What was that sound? Oh, it was every gym teacher in America simultaneously jumping up to volunteer to trade places with Greg Oden. Wear sweats every day and deal with ankle-biters or get paid millions to play a game in front of thousands of adoring fans? Sure, the dichotomy isn't quite that simple. But, still, Oden is a sole soul on one side of this equation with countless sports-obsessed educators staring back blankly at him from across the divide.
According to Payscale.com, the average American gym teacher earns less than $50,000 per year. By comparison, Oden earned roughly $23.3 million in his five seasons with the Blazers. Oden has played 1816 minutes over 82 games during his NBA career. Crunch the numbers, and Oden made more in every four minutes of playing time than he would during an entire year as a gym teacher.

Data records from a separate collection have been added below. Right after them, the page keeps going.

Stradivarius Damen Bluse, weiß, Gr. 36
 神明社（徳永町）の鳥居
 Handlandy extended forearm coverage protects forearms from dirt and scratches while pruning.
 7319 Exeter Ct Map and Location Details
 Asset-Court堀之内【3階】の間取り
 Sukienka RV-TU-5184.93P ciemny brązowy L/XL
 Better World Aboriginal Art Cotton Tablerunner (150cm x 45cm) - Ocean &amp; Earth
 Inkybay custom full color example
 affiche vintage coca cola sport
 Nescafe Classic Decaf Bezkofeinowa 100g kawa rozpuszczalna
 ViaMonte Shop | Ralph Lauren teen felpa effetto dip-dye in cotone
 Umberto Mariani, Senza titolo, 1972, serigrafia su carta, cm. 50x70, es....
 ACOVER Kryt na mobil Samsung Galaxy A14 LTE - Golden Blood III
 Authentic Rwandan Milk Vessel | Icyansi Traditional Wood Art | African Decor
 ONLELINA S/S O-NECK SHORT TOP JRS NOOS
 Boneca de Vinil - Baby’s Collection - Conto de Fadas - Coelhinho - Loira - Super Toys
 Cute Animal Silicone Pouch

The wealthy, though, aren't always as concerned about money as the rest of us. Oden, who has admitted to problems with alcoholism in the past, is clearly still searching for his path in life. That he's re-committed to his education and wants to be around athletics in the future, considering all that he's been through injury-wise, is both remarkable and praise-worthy.
Who are we to judge the recalculated goals of someone who seemingly had it all, but then had it all taken away? If Oden wants to be a gym teacher, then by all means let's hope it happens. And let's hope that if he ever leads a game of dodgeball against middle schoolers that someone, somewhere, finds a way to get video footage onto YouTube.